And this whole belief that suddenly now we have 7 million new people that got there, millions of those individuals that are now in the exchanges used to be on health care that they liked. They were kicked off of it January 1, and now they are forced into a new system, and the President is somehow celebrating.
I was astounded by the sense of, at the very last minute, all these people filed and they got excited about it. There are around 43 million people that are uninsured in the United States. Seven million of them have actually capitulated to the administration's forced enrollment into this program or face a fine. That would be something akin to, during tax day coming up just 15 days from now, the administration standing up and celebrating that 25 percent of Americans actually filed their taxes on time because they would face a fine if they don't. Well, no one would actually celebrate that, but this administration is celebrating 25 percent of the people actually following through on it.
There are real lives and real people that are attached to this. Let me tell you about one of them. Her name is Cindy. And like some of the other individuals that were here visiting before, Mr. Kelly from Pennsylvania, didn't want her name put out publicly on it because, in this day and age, people are becoming more and more afraid of their government and what their government is going to do to them rather than for them.
So Cindy works at a job at a restaurant. She works more than 40 hours a week, and then finds out, after the transition happens, January 1, they are dropping her hours back to 26 hours a week. Twenty-six hours a week is really hard. Her job plus 30 hours was really difficult for her to make ends meet. She can't make it at 26 hours.

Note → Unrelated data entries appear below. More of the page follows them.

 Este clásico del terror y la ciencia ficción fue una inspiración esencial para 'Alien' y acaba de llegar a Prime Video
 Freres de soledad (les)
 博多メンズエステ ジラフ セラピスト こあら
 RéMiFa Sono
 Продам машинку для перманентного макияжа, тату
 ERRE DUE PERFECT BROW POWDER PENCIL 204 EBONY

So now this individual has to go out and try to find a different job to add up to two different jobs.
Let me talk to you about a dad that his son just graduated from high school. He didn't make great grades in high school, but he is a good, hard worker. So he is engaged in a job, and he is out looking for a job. Doesn't have a college degree, just a working guy. He cannot find a job for more than 28 1/2 hours, so he is looking for two jobs to try to get that, to try to build up to enough money to be able to do it.
So suddenly, this sense of we are going to help provide for people by forcing people to get to this providing health care, what is actually happening is people are just dropping the hours. It is the same thing everyone said before.

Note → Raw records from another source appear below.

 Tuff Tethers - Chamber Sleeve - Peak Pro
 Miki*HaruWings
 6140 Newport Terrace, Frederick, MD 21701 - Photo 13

And the President's statement today that there is no good reason to go back to a time before ObamaCare, I would have to tell you, Cindy would disagree with that; this other gentleman would disagree with that. A lot of people would look back and say: I would much rather go back to working one job than be forced to work two jobs and still not have health care coverage.
BREAK IN TRANSCRIPT
Mr. LANKFORD. I would have to tell you honestly, I would like nothing better for my citizens that I represent to not have to live under this law. I would absolutely vote again, as I have multiple times, to repeal this entire law.
But I also have a responsibility to do whatever I can to protect the people of my district from the harmful effects of this law, and this law has many harmful effects. One of them is it is forcing those that struggle the most in our economy to make two ends meet to have to go out and get multiple jobs, and it has made it even harder for them, in transportation, in timing, in time with their family. They are losing all of those things. It has been taken away from them based on a preference of an administration, not something that is actually economic responsibility of the President.